The creator of the MetroCard, William Wheeler, swiped his last swipe at 69. He worked for the MTA for 32 years and is one of the reasons we don’t still use tokens. (NY Post)

19 bars and restaurants in Astoria to try. (Eater)

Take a tour and dip into the history of of Red Hook’s Erie Basin. (Forgotten NY)

The new Greenpoint Library will not open in December as scheduled due to discoveries of asbestos and the remains of the original Carnegie Library from 1906. (Bklyner)

Check out every publicly accessible waterfront in the city with the interactive Waterfront Access Map. (Curbed)

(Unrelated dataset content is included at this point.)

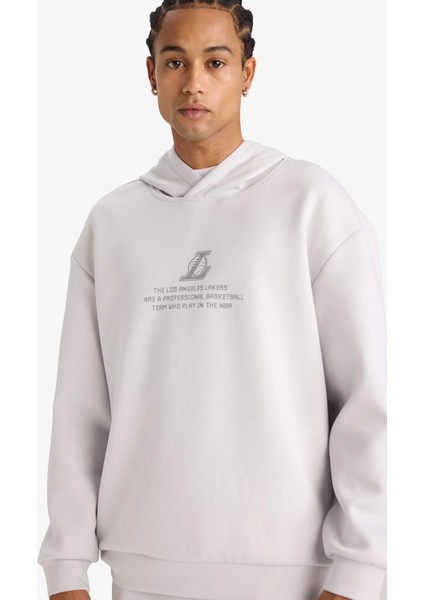 F3876AXGR519 Gri Nba Los Angeles Lakers Boxy Fit Kapüşonlu Skuba Dalgıç Kumaş Sırt Baskılı Sweatshirt modelleri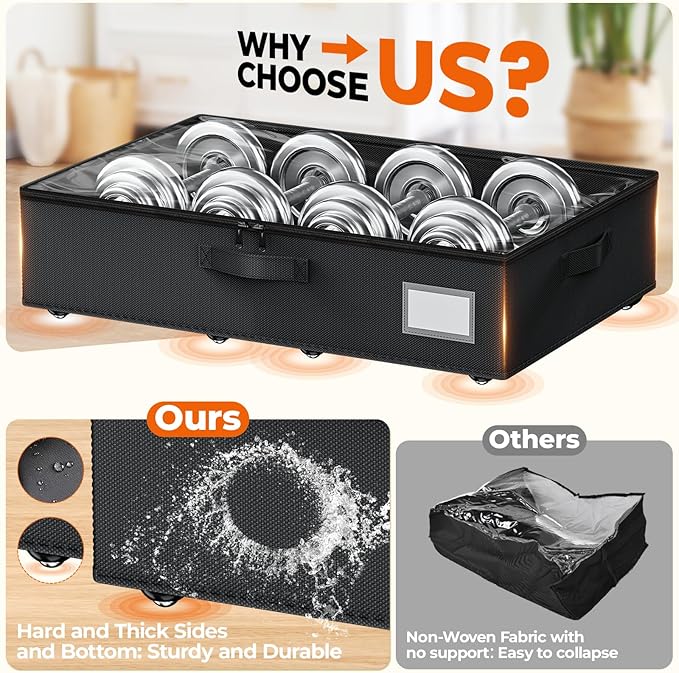 Underbed Storage with Wheels, 2 Pack Under Bed Storage Containers with Clear - Image 6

Shakespeare in the Park will go dark in 2021 when the Delacourt undergoes a $110 million renovation. The renovation is meant to address issues like how the women’s bathroom is extremely far from the amphitheater, making it ADA compliant, and other needed improvements to the stage and backstage areas. Construction is set to being in 2020 and finish in 2022. (NY Times)

Alan Cumming is tending bar. “Why would you want to have a bar otherwise?”

The elevated trains in New York date back to 1868, when the Eiffel Tower was brand new. The trains moved between five and ten miles an hour, which is still faster than the average speed of a Manhattan bus. (Curbed)

City Lab attended the L Train Shutdown Nightmare “experience” before it prematurely closed. They were less than impressed.